Under a policy that has endured since 1983, the HKMA buys and sells dollars to keep the territory’s currency within a narrow band of HK$7.75 to HK$7.85 to the greenback. That can mean heavy interventions to strengthen the Hong Kong dollar, as during the 2008 and 2009 crisis.
Now, though, with the US dollar weakening and inflows into Hong Kong equities from international and Chinese investors rising, the local currency has been strengthening in recent months.
“If you don’t buy the Hong Kong dollar you can’t buy Hong Kong stocks,” said Iris Pang, chief greater China economist at ING. Ms Pang said that without the constant intervention by the HKMA, Hong Kong’s dollar would have matched currency gains for other Asian markets that have seen inflows this year, including China and Taiwan.
Demand could climb further as a bumper season for initial public offerings gets under way in Hong Kong. “We are waiting for the mega IPOs like Ant Group,” said Ms Pang referring to the payments company that filed last month for a dual listing in Hong Kong and Shanghai.
People familiar with Ant’s plans say the Hong Kong leg could raise as much as $20bn. Ms Pang said such a listing would lead to “massive capital inflows”, adding that some funds may already be flowing into the city in preparation.
The recent interventions from the HKMA are a reversal from previous episodes, in which it was forced to defend the weaker limit of HK$7.85 as excess cash in Hong Kong’s banking system kept real interest rates low and the value of its currency depressed.
A break in the peg would be a disruptive event for global markets, analysts and investors say. Most believe it is extremely unlikely to happen. But some, including hedge fund manager Kyle Bass, have argued that capital flight could cause the currency peg to collapse.
“Hong Kong’s peg won’t break easily”, said Kevin Lai, an economist at Daiwa Capital Markets.
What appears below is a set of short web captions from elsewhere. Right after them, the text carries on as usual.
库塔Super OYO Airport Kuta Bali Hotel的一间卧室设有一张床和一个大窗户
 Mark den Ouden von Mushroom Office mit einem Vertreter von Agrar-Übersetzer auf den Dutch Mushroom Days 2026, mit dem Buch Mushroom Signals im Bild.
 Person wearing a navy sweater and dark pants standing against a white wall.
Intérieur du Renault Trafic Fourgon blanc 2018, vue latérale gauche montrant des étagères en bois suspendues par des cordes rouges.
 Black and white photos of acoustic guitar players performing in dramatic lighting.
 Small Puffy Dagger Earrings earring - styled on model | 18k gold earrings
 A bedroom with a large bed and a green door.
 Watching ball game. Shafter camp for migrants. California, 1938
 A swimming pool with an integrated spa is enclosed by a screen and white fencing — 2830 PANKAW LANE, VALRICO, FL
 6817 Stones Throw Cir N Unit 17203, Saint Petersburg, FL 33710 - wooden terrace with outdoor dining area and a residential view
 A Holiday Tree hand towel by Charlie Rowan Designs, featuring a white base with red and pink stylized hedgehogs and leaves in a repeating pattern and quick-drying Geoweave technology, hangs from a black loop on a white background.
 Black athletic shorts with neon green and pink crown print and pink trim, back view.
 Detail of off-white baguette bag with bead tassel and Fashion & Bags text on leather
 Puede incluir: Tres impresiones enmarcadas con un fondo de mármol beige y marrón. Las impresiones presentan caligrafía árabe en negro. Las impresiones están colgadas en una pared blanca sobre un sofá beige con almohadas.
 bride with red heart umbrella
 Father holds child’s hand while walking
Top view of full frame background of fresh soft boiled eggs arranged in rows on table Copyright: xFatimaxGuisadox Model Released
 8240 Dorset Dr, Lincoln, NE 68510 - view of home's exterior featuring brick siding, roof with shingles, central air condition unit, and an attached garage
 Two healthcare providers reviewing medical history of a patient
But he warned that US sanctions on Hong Kong officials in response to a sweeping national security law imposed by Beijing could put the financial institutions that deal with them at risk of being sanctioned themselves.
That could disrupt banks’ access to US dollar financing and render them unable to cover dollar loan obligations. “If sanctions affect [Hong Kong] banks, even high interest rates may not be enough to stabilise outflows,” Mr Lai said.